The U.S. and other NATO countries favored sending Leopard tanks, because there are about 2,000 of them stationed in Europe, and they are seen as easier to maintain. Germany said it did not want only German tanks battling Russian forces, but agreed that the Abrams did not have to arrive at the same time as the Leopards. The Abrams tanks "are expected to be ordered from manufacturers, rather than transferred from existing U.S. stocks, and the main usefulness in announcing them now appeared designed to break a logjam with the Germans," the Post adds. The U.S. tanks won't arrive in Ukraine for months, if not years.

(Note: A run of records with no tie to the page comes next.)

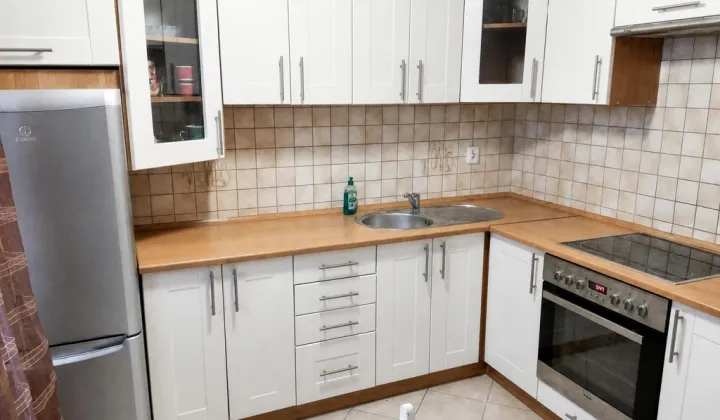 Mieszkanie 2-pokojowe Warszawa Bemowo, ul. Górczewska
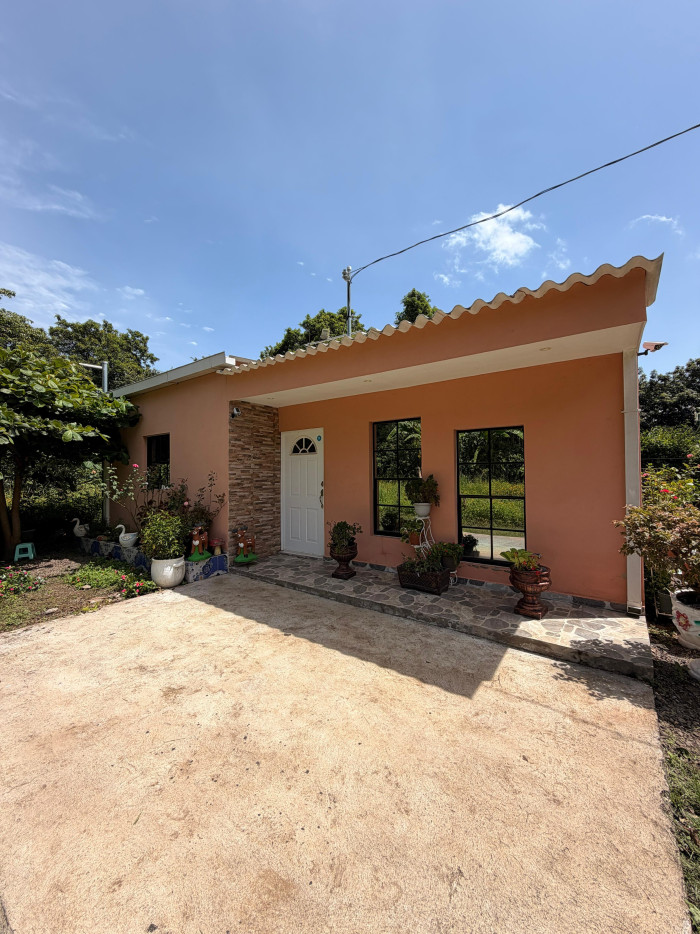 Casa en venta por Las Ramblas Santa Ana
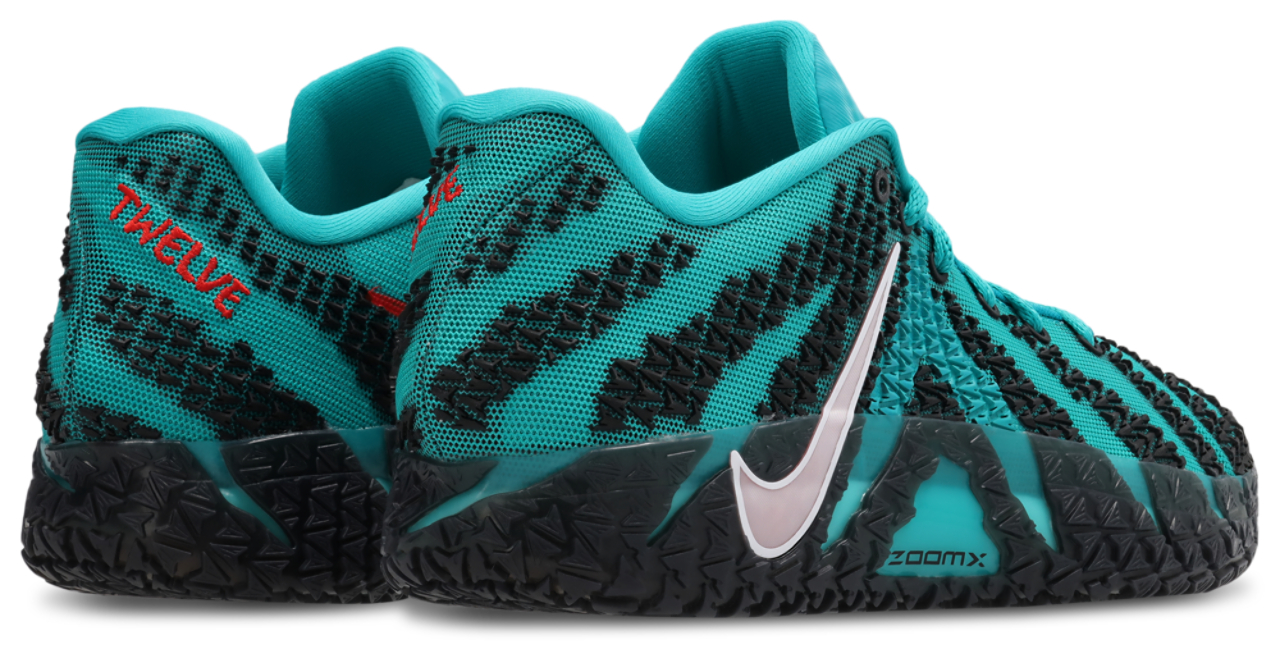 Nike JA 3 Image 3 of 8. Tap to open photo gallery.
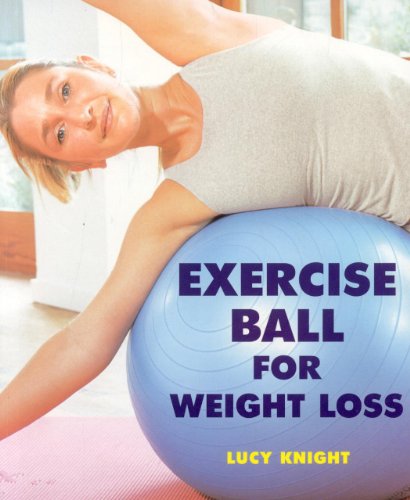 Exercise Ball for Weight-Loss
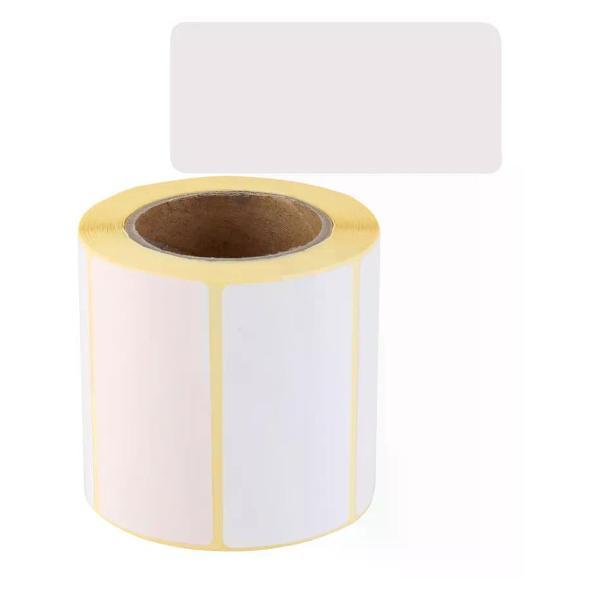 Жидкость для снятия этикетки нет бренда Термоэтикетка 58*30 мм 400 шт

The Leopard 2 tanks will arrive quicker, likely in time for springtime offensives being planned by Russia and Ukraine. Poland on Tuesday officially requested that Germany approve the transfer of 14 Polish Leopard 2 tanks to Ukraine, and a senior German politician told the Journal that "Berlin would pledge on Wednesday to provide around 14 Leopard 2 tanks to Kyiv from its stocks and approve third-party requests from other European countries." Poland and Germany say European nations could collectively send Ukraine about 100 Leopard tanks.